Task inputs
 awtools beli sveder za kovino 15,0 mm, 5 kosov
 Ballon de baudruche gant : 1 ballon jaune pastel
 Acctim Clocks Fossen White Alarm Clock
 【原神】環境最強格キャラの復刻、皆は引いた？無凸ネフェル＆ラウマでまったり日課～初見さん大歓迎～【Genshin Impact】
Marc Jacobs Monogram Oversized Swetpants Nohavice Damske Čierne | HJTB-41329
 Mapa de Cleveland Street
* * *
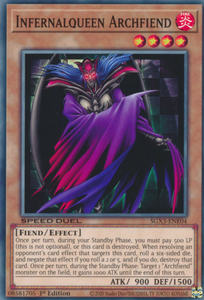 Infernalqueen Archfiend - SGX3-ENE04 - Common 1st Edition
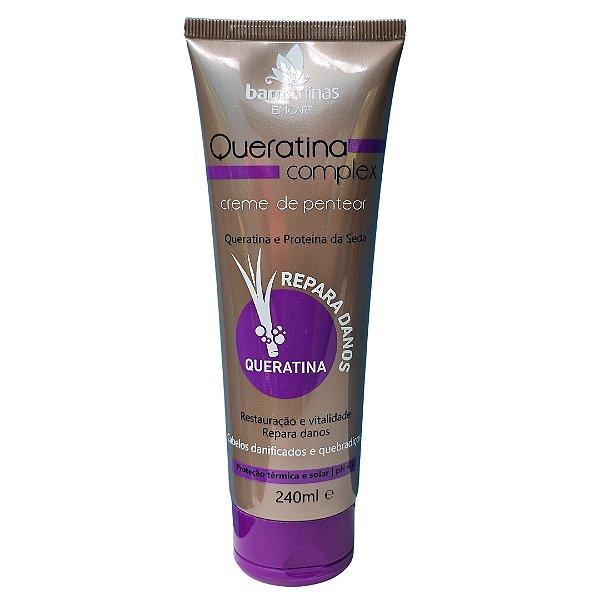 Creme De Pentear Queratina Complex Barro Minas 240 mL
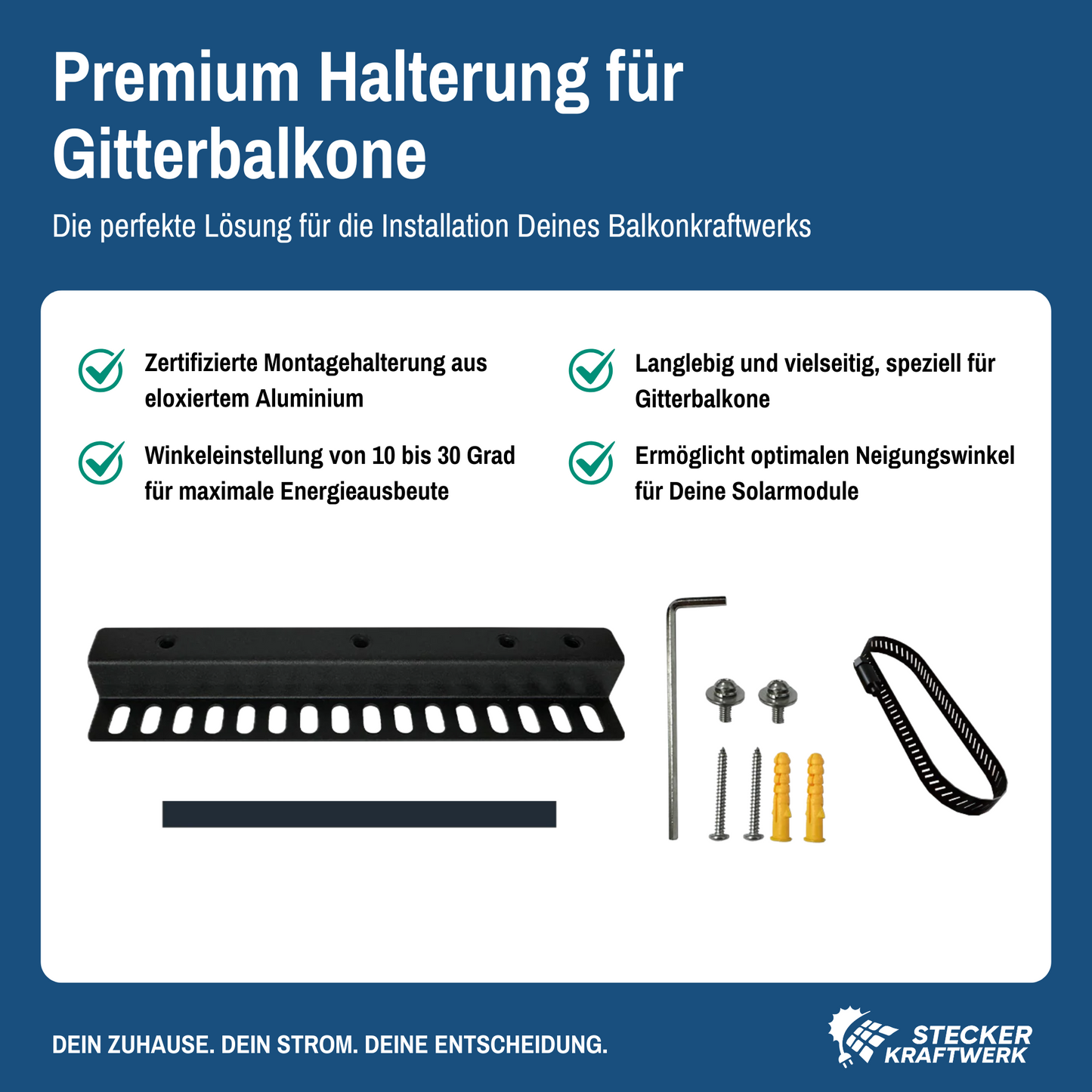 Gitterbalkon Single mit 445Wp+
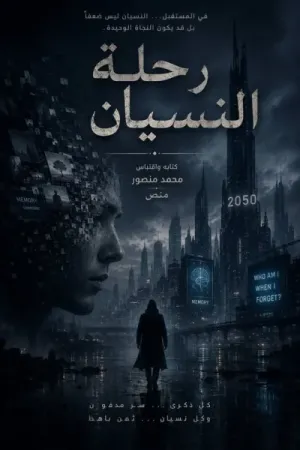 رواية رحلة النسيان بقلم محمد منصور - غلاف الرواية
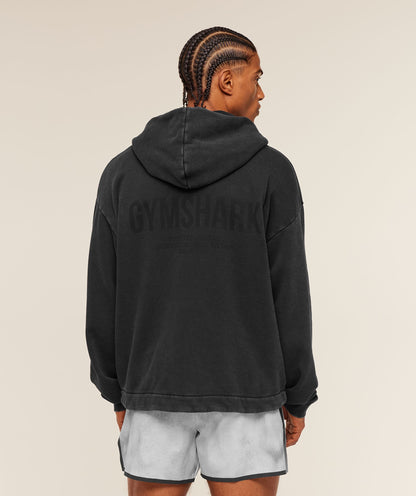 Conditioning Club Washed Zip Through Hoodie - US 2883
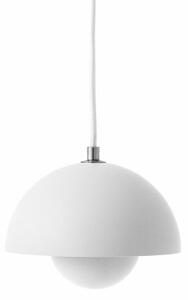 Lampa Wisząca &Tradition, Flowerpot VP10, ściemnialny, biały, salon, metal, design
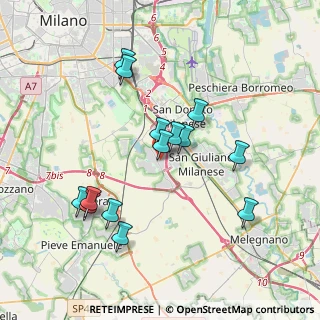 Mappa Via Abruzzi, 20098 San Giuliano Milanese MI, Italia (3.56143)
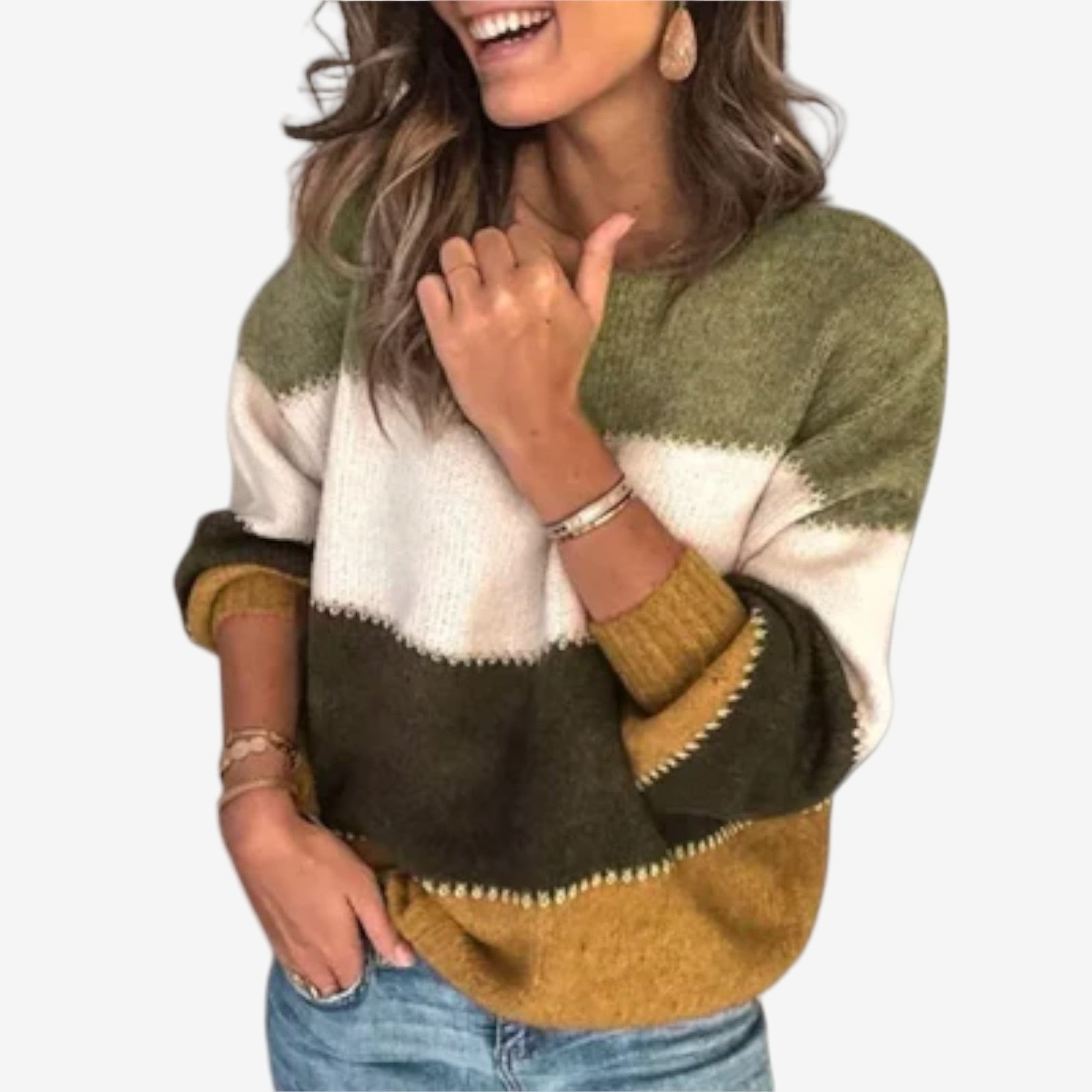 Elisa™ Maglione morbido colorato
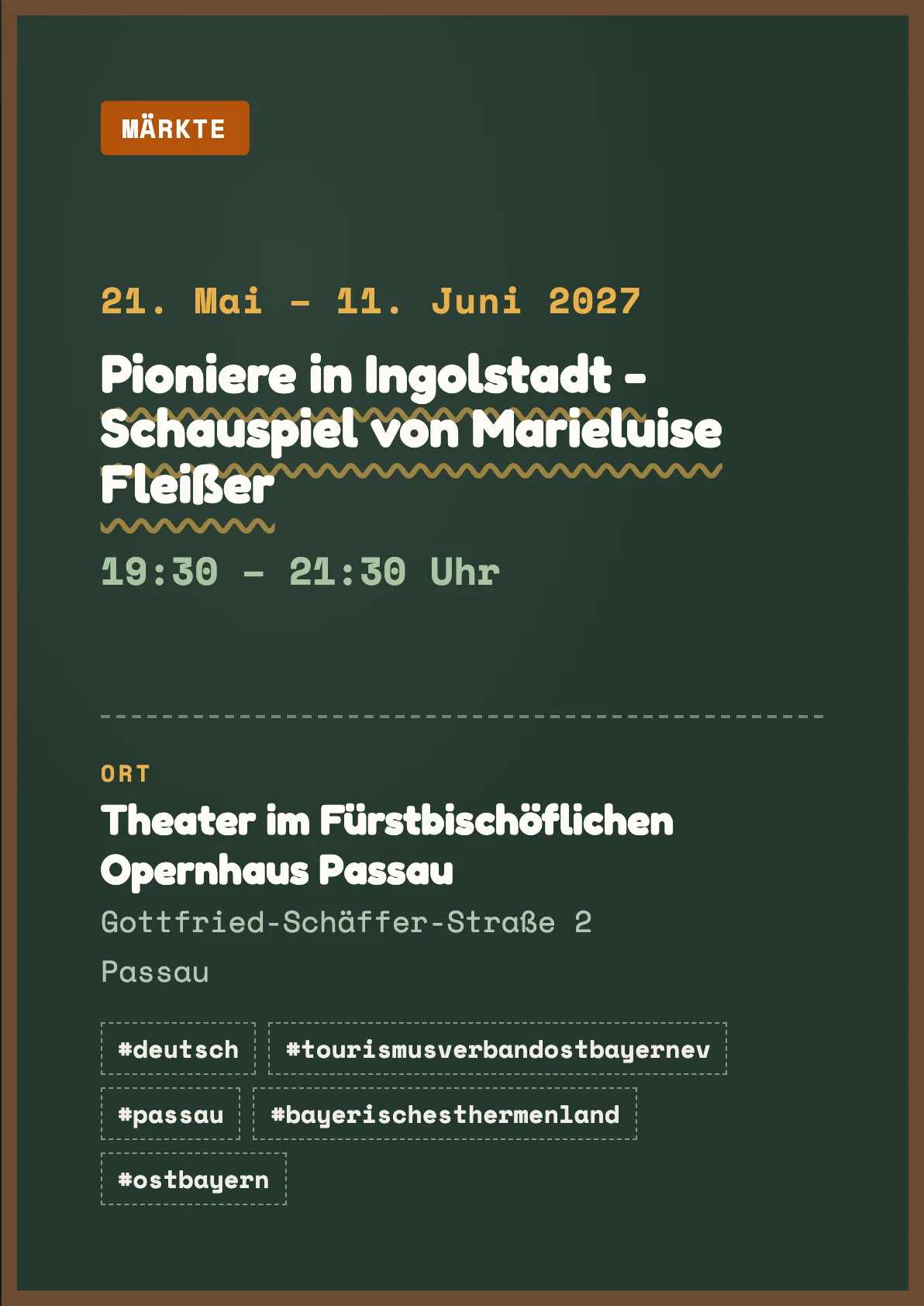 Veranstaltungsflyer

Exercise description
From the entries above, write out only the lines starting at the line that holds "awtools beli sveder" and ending at the line that holds "Mapa de Cleveland Street", keeping both and matching them exactly.

Result of this task
 awtools beli sveder za kovino 15,0 mm, 5 kosov
 Ballon de baudruche gant : 1 ballon jaune pastel
 Acctim Clocks Fossen White Alarm Clock
 【原神】環境最強格キャラの復刻、皆は引いた？無凸ネフェル＆ラウマでまったり日課～初見さん大歓迎～【Genshin Impact】
Marc Jacobs Monogram Oversized Swetpants Nohavice Damske Čierne | HJTB-41329
 Mapa de Cleveland Street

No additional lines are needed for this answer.